Being something of an Angry Young Man of the 1950s, Metcalf salts his portrait with plenty of boozing and skirt chasing – a nod to Hemingway, one of his literary heroes. Much of this material is lively and funny, and Metcalf does occasionally poke fun at his own position, but the humour is too often at the expense of such easy targets as the boarding house, the sadistic school teacher, and various ex-service types and tippling spinsters.

It’s hard to refute his grim sketches of post-war England and Canada in the early 1960s, but Metcalf’s snobbish tone and lack of empathy for everyone but those who share his calling overwhelms any sympathy for his views. A tendency toward the easy putdown or gross generalization – “Canadian literary studies and ‘scholarship’ have always been lax and undemanding” – is a continuous thread through the book. Effective polemicists always paint their target before filling it with lead, but Metcalf too often assumes that the reader requires only a few broad strokes and a friendly “Oh, you know what I mean” to come onside.

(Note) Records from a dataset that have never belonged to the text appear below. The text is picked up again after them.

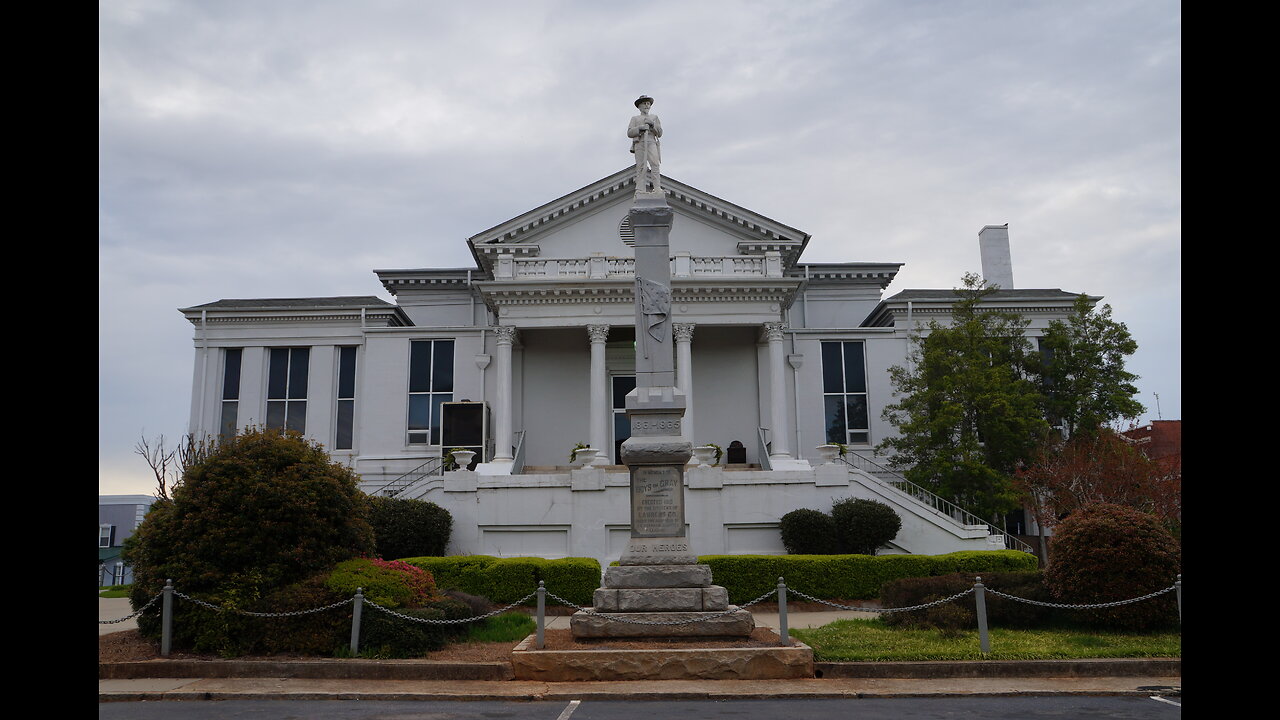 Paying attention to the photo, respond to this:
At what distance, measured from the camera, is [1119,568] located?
46.1ft

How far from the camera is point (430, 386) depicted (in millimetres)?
34219

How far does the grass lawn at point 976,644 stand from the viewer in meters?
12.0

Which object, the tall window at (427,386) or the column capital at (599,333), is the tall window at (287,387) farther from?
the column capital at (599,333)

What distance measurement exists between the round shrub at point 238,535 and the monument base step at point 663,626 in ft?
15.1

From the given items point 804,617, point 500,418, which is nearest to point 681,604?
point 804,617

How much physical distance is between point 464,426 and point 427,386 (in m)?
2.83

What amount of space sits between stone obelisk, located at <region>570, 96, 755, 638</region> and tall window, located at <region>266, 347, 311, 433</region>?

His sense of superiority to his surroundings and their inhabitants is relentless: “I suffered from the delusion that Canada could be improved”; “Canada will not read you unless you are validated elsewhere.” He even includes testimonials to his powers from other writers (including Alice Munro and Irving Layton), protegés, and critics, such as the one who wrote: “…the book (Metcalf’s novella The Lady Who Sold Furniture) is routinely mentioned as a landmark volume in histories of literature and guides to culture.”

When Metcalf stops exalting himself, he can be a fine writer. His descriptions of the British landscapes of his youth – the fields and creeks and ruins and crumbling old bookstores – are first rate, as is the chapter on the years Metcalf and his wife lived on a small farm. Particularly lovely is a gruesome (to urban sensibilities) account of some locals slaughtering and skinning a trio of hogs. The writing is tense and evocative, supporting multiple currents of emotional tension without breaking the documentary tone.

Most of the memoir concerns Metcalf’s struggles to champion the written word in a country that, especially when he arrived, had little sense of its own literature and culture: “The country lacked what would be called today an ‘infrastructure’ – the literary equivalent of roads, sewers, electric power, railroad tracks – and I’ve spent nearly all my life in Canada … attempt(ing) to help put the necessary infrastructure into place.”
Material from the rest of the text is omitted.